RECORDS FOR THE TASK -
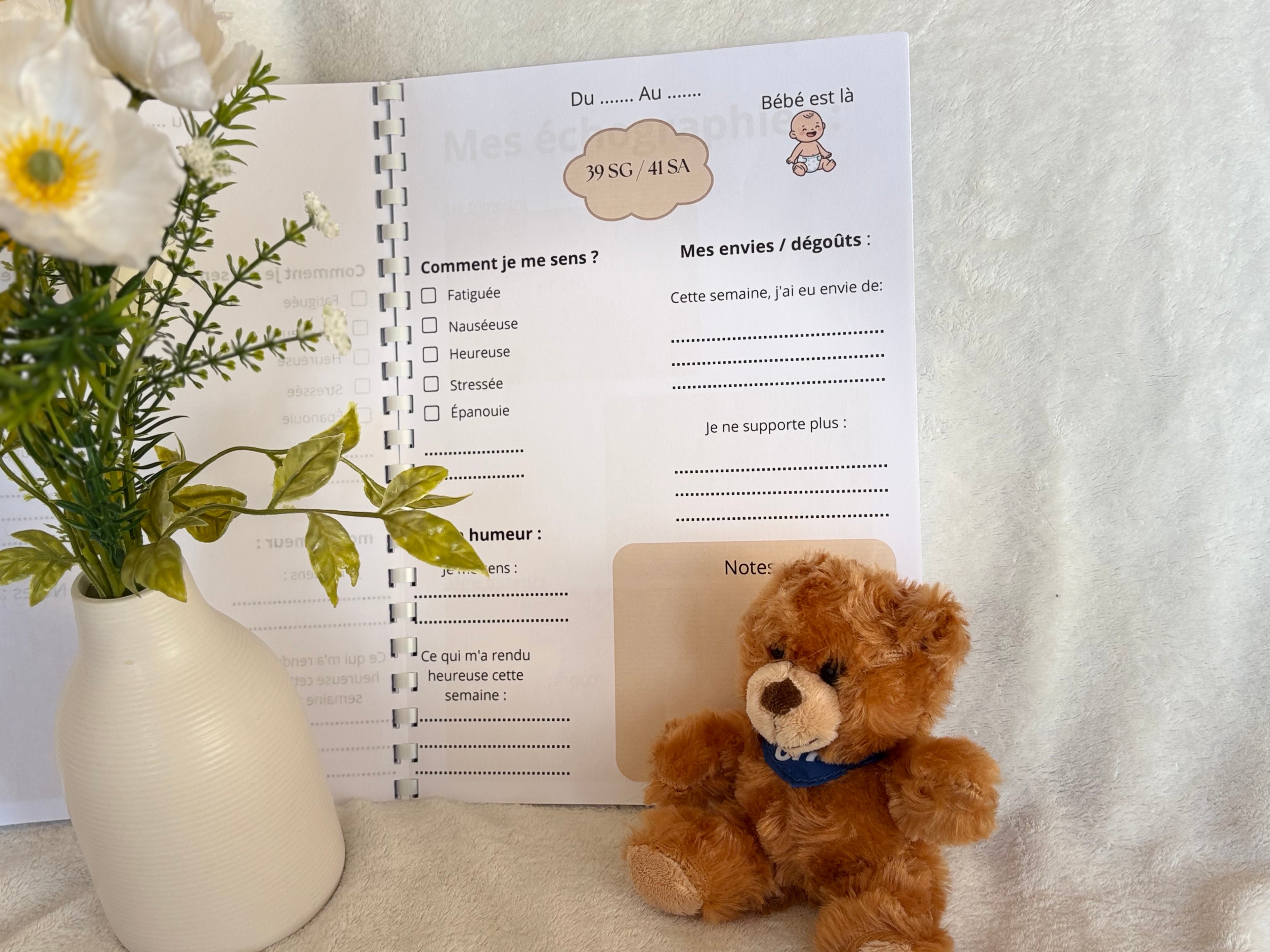 Journal de grossesse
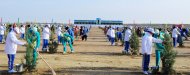 Photos: Tree planting campaign was held in Turkmenistan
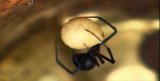 Buggin&rsquo; With Ruud: Redback Spider
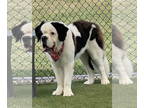 Saint Bernard DOG FOR ADOPTION RGADN-1354314 - Rowdy - Saint Bernard (medium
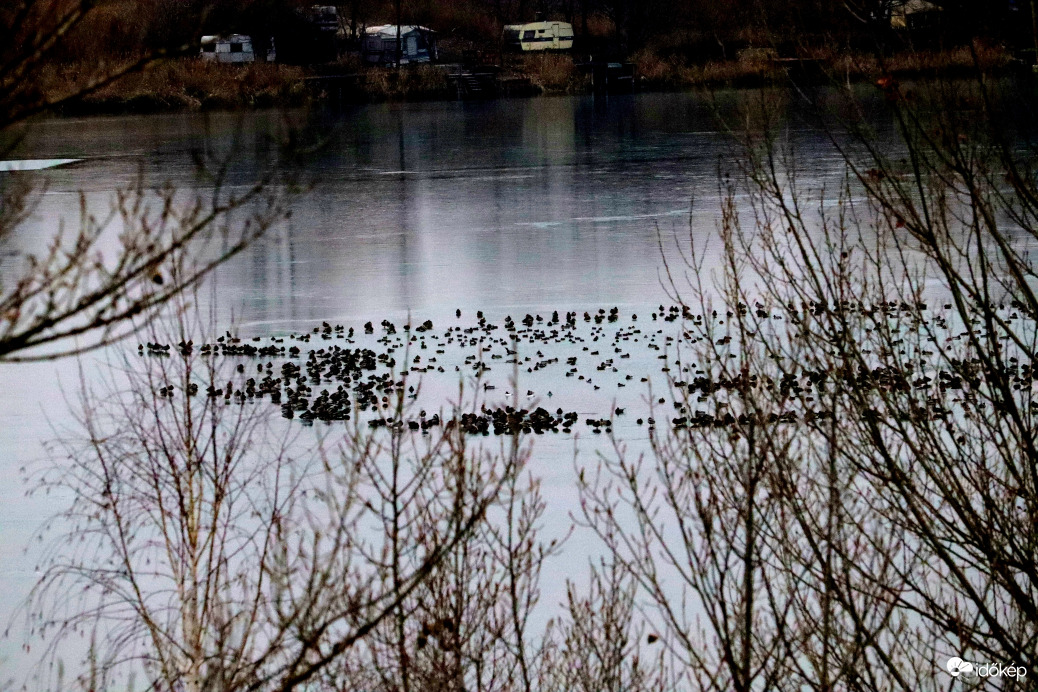 Kacsacsapat a befagyott bányató közepén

TASK REQUIREMENTS - Your task is to restate word for word the lines from the one containing "Photos: Tree planting" through the last line of the data, both ends included, with no pictures.

EXERCISE RESULT -
 Photos: Tree planting campaign was held in Turkmenistan
 Buggin&rsquo; With Ruud: Redback Spider
 Saint Bernard DOG FOR ADOPTION RGADN-1354314 - Rowdy - Saint Bernard (medium
 Kacsacsapat a befagyott bányató közepén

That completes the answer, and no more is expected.